Fall 2017

Class meets MWF 1:30-2:20PM and M 2:30-3:20 in Wean Hall 7316

Website http://euler.phys.cmu.edu/widom/teaching/33-783

Professor Mike Widom, Office 6305 Wean Hall

e-mail: widom@cmu.edu, Phone: 412-268-7645

Office Hours: Any time I'm not busy (by appointment if desired)

**What you will learn:** This course presents an introduction to the physics of solid state materials, with an emphasis on traditional bulk crystalline materials but with occasional examples drawn from modern topics such as quantum wells, graphene, etc. Topics will be broadly separated into two segments. First, in the **physics of the solid continuum**, you will apply simple classical or quantum mechanical models to examine electronic, magnetic, vibrational, optical and thermal properties of matter. Next, in the **physics of the crystal lattice** you will learn diffraction techniques for probing the structure and symmetries of crystals and understand how diffraction of phonons and electrons create band structures and enable technologies such as semiconductor devices.

**What you should know:** This course will be fast-paced. Prior
familiarity with quantum mechanics is assumed at the graduate level of
33-755/756, and statistical mechanics/thermodynamics at the graduate
level of 33-765. Students with less preparation (e.g. quantum mechanics
at the undergraduate level of 33-445/446 and statistical mechanics at
the level of 33-341/342) should consider taking the undergraduate
Solid State Physics course 33-448 instead.

**Books:** Several excellent books are available in the E&S library. Of particular interest are:

1. Ashcroft and Mermin, Solid State Physics, QC176.A83

2. Simon, The Oxford Solid State Basics, e-book http://search.ebscohost.com/login.aspx?direct=true&scope=site&db=nlebk&db=nlabk&AN=598413

3. Kittel, Introduction to Solid State Physics (8th edition), QC176.K5 2005

4. Goodstein, States of Matter, QC173.3.G66

Ashcroft and Mermin is the classic graduate-level textbook for the field and an important reference book to keep on hand. Simon is similar to Ashcroft and Mermin in its presentation, but with updated and slimmed-down content presented at an advanced undergraduate level. These two books will be the primary texts for the course, and the source of most assigned homework problems. Kittel is the classic undergraduate-level textbook and presents the material in an alternative fashion. Goodstein has excellent background material on thermal physics, a chapter on solids offering a nice "thumbnail sketch" of this course, and a detailed chapter on superconductivity.

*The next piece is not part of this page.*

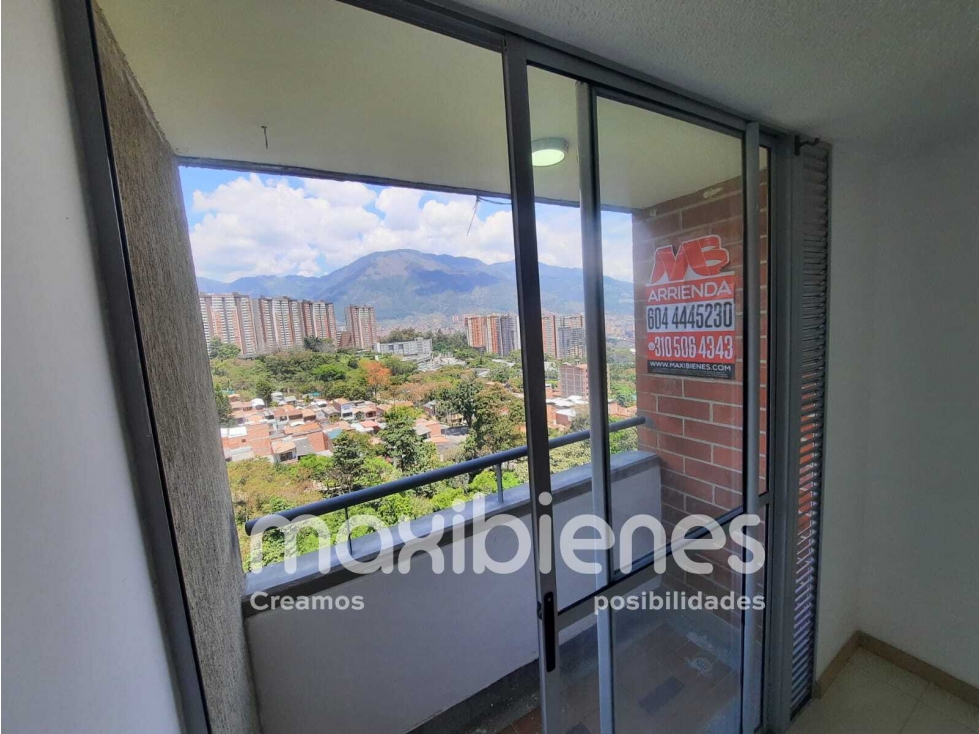 SE ARRIENDA APARTAMENTO EN AMAZONIA BELLO.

**Grading:** Letter grades will be based on homework, midterm exams and a final exam. Homework assignments (click here) will be supplemented with reading of articles from the original literature. Students will lead and participate in discussion of these articles. Grades will be recorded on Canvas.

**Course Outline:**

Note this outline is only approximate. Actual class coverage can be found here.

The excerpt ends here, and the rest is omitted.